EXERCISE OBJECTIVE —
Each line in the material below, starting at the one that contains "ZVD 1PCS noir" and ending at the one that contains "Abstract Tropical Palm", should be repeated exactly; the pictures should not.

GIVEN INFORMATION —
==============================

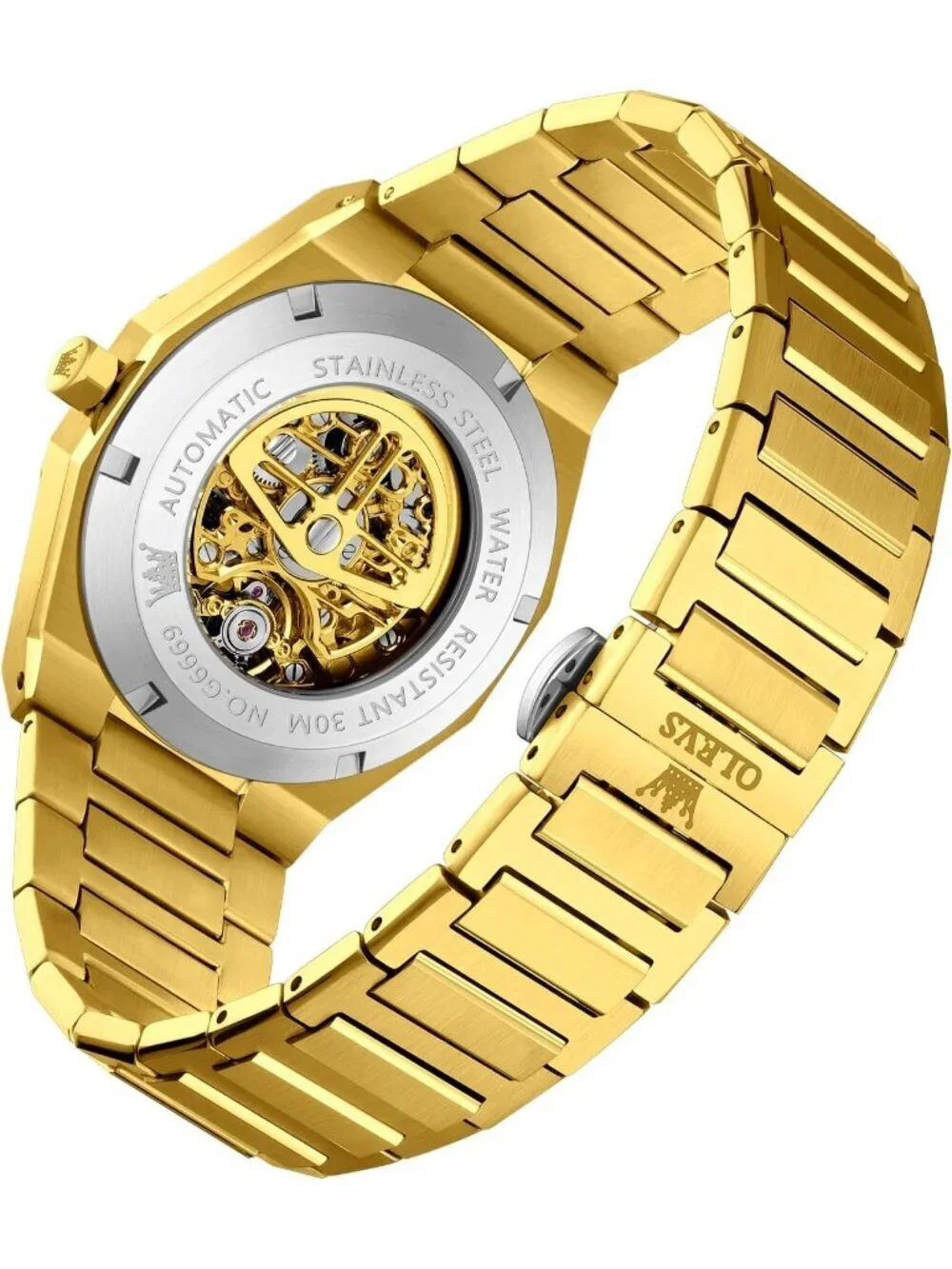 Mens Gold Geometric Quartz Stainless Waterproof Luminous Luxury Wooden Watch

==============================

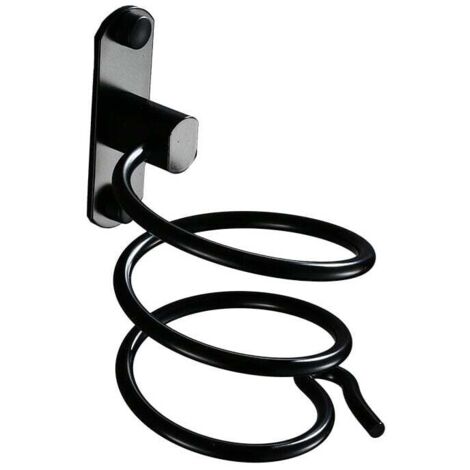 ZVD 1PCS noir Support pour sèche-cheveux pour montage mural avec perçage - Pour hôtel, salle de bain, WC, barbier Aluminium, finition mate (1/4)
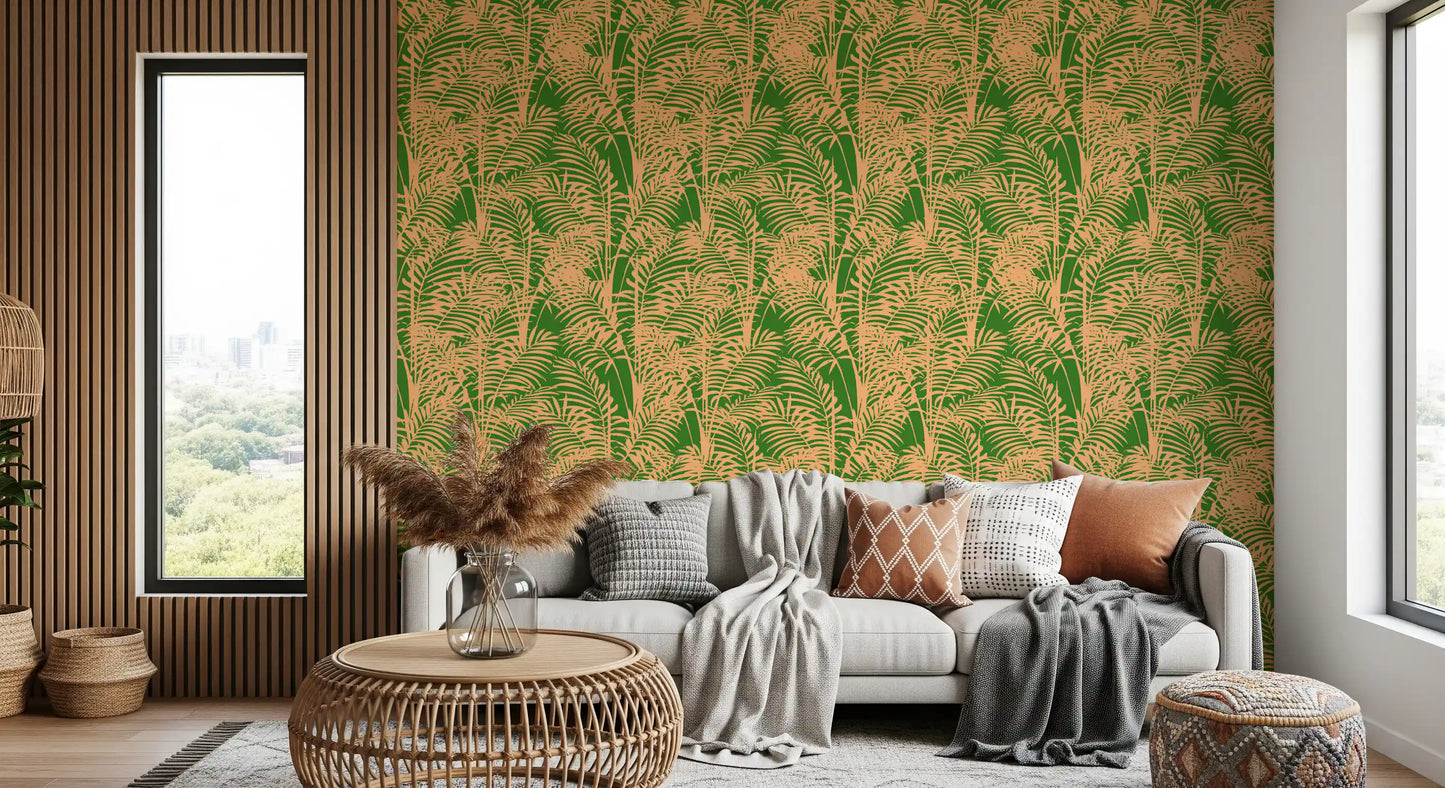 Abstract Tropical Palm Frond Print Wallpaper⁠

==============================

ANSWER BOX —
 ZVD 1PCS noir Support pour sèche-cheveux pour montage mural avec perçage - Pour hôtel, salle de bain, WC, barbier Aluminium, finition mate (1/4)
 Abstract Tropical Palm Frond Print Wallpaper⁠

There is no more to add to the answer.